So, let's say you have Foo<T>, but you wanna make it so that no two instances are interchangeable. You want each instantiation to be unique, so that you cannot even swap two variables defined on two separate lines. Not just a runtime error, but handled at the very type level. Well, dear reader, do I have a thing for you!
No two function types are the same
So, you know how functions and closures each have their own unique type, right? Unnameable, unique even despite identical names and signatures, and with exactly one instance (the function/closure itself). This is what allows Rust to perform powerful optimizations with things like map<F>() - in simple terms, each invocation of such a function is entirely unique, meaning that, for instance, the code can be inlined and optimized on a case-by-case basis.
let a = Some(42u8); // Option<u8>
let b = Some(42i8); // Option<i8>
let c = Some(|_x: u8| {}); // Option<closure 1>
let d = Some(|| {}); // Option<closure 2>
let e = Some(|| {}); // Option<closure 3>
// All of these are different types, even d and e!As you can see, this also applies to generic types - instantiating a type with a closure (or a function - but not a fn pointer!) creates a unique type per line. This is a simplification - the compiler doesn't actually care about line numbers - but it's effectively the same in this case.
The demo
Anyway, this led me to a little toy example, where every instantiation of a struct produces a unique type. These are not interchangeable, and consequently also not fully nameable (you must use Foo<_> or somehow refer to it indirectly).
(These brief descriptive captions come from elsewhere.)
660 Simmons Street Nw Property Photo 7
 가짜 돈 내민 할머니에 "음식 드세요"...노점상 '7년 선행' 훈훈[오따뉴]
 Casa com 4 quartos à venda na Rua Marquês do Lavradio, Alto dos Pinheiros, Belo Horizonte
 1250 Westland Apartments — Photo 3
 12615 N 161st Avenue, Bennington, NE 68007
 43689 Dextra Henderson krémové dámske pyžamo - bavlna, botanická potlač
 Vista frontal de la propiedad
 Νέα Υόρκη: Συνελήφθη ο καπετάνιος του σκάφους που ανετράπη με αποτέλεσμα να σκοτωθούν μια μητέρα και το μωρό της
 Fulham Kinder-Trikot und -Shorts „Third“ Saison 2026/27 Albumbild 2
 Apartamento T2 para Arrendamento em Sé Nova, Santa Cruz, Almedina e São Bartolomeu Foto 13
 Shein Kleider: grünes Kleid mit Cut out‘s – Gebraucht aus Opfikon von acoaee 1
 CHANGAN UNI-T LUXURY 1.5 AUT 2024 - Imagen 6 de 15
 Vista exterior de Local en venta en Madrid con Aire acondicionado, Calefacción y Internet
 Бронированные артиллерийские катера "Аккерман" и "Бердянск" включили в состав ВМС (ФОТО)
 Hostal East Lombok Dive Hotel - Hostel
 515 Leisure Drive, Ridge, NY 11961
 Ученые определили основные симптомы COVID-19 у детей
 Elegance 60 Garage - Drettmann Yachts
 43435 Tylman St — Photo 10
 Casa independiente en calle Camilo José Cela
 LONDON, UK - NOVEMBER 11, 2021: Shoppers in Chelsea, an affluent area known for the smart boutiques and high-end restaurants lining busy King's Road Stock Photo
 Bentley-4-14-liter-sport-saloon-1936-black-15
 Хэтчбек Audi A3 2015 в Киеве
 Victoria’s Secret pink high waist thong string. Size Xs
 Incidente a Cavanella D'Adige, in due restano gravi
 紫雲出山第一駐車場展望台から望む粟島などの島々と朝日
Here's a Playground link, which demonstrates some other weirdness around doing stuff this way. Try building it to see the error messages; I also included some details in code comments.
My favorite thing is just how confusing the error message is. The compiler team is doing an excellent job making error messages detailed, clear, and even going out of their way to handle common gotchas, so this is in no way the fault of the error message - it's just funny in this deliberate edge case.
error[E0308]: mismatched types
--> src/lib.rs:32:9
|
14 | make(|| {})
| --
| |
| the expected closure
| the found closure
...
32 | a = b; // [ERR]
| ^ expected closure, found a different closure
|
= note: expected struct `Foo<{closure@src/lib.rs:14:18: 14:20}>`
found struct `Foo<{closure@src/lib.rs:14:18: 14:20}>`
= note: no two closures, even if identical, have the same type
= help: consider boxing your closure and/or using it as a trait objectWhen two types differ by a function or closure type, Rust does its absolute best to clarify where the two unnameable function types come from. However, since the closure comes from a macro invocation, Rust ends up highlighting the same location in code, and even generates two identical pseudonames for the closures, both referring to the same line.
Luckily, the second note message comes to the rescue, and does its best to rectify the confusing situation. It explains that no two closures (or functions), however similar they may be, ever have the same type. It's a reminder that even if two type names print as identical strings, they might not be the same!